VG100K4CL is the full fine-tuning dataset used in the LPCV 2026 Track 1 image-to-text retrieval pipeline.

It includes the training JSONL files used for contrastive fine-tuning.

The full code for dataset construction, unpacking is available here:

https://github.com/jn12-29/LPCV-Track1-EfficientAI

That repository contains the detailed dataset-building pipeline and the code used to train and evaluate models with this dataset.
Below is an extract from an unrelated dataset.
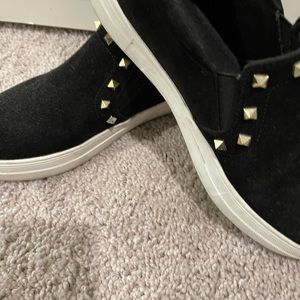 Clean suede shoes with gold stars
What this repository contains

This repository contains the full fine-tuning dataset used by this project, including:

  • contrastive training JSONL files
  • the data needed to reproduce the training setup used in the repository

Intended use

Use this dataset if you want to:

  • fine-tune MobileCLIP2-B or related retrieval models on the same training data
  • reproduce the project training setup
  • inspect or reuse the provided contrastive JSONL annotations
  • rebuild or extend the dataset pipeline using the linked project code

You likely do not need this dataset if you only want to run inference with the exported ONNX model.

Download

hf download jn12/VG100K4CL \
  --repo-type dataset \
  --local-dir ./data/VG100K4CL

Data format

This repository includes the complete fine-tuning data used by the project.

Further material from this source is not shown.